Reproduce exactly, and nothing but, the lines between the one with "Shih Tzu Puppies" and the end of the entries, both ends included.

* [Exercise materials]

************

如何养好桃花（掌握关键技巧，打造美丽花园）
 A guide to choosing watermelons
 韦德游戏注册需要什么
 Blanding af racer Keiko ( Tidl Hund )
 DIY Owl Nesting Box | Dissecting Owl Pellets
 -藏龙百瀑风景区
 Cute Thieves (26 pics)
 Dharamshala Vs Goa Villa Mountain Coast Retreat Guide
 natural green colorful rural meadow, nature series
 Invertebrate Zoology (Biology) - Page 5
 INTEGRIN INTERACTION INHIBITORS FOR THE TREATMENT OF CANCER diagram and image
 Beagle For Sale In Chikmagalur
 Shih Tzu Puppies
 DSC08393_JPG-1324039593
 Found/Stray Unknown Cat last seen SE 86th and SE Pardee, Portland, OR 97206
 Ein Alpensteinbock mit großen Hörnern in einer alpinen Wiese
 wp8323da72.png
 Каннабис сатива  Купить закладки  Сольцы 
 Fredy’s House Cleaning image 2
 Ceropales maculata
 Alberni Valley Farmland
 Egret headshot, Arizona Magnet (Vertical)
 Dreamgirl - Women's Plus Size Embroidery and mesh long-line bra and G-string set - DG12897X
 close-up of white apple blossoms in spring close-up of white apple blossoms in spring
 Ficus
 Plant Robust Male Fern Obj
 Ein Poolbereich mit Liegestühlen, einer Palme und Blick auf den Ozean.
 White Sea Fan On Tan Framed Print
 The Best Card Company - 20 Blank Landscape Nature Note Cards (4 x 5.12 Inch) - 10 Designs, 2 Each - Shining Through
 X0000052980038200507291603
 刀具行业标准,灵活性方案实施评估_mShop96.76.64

************

* [Finished task]
 Shih Tzu Puppies
 DSC08393_JPG-1324039593
 Found/Stray Unknown Cat last seen SE 86th and SE Pardee, Portland, OR 97206
 Ein Alpensteinbock mit großen Hörnern in einer alpinen Wiese
 wp8323da72.png
 Каннабис сатива  Купить закладки  Сольцы 
 Fredy’s House Cleaning image 2
 Ceropales maculata
 Alberni Valley Farmland
 Egret headshot, Arizona Magnet (Vertical)
 Dreamgirl - Women's Plus Size Embroidery and mesh long-line bra and G-string set - DG12897X
 close-up of white apple blossoms in spring close-up of white apple blossoms in spring
 Ficus
 Plant Robust Male Fern Obj
 Ein Poolbereich mit Liegestühlen, einer Palme und Blick auf den Ozean.
 White Sea Fan On Tan Framed Print
 The Best Card Company - 20 Blank Landscape Nature Note Cards (4 x 5.12 Inch) - 10 Designs, 2 Each - Shining Through
 X0000052980038200507291603
 刀具行业标准,灵活性方案实施评估_mShop96.76.64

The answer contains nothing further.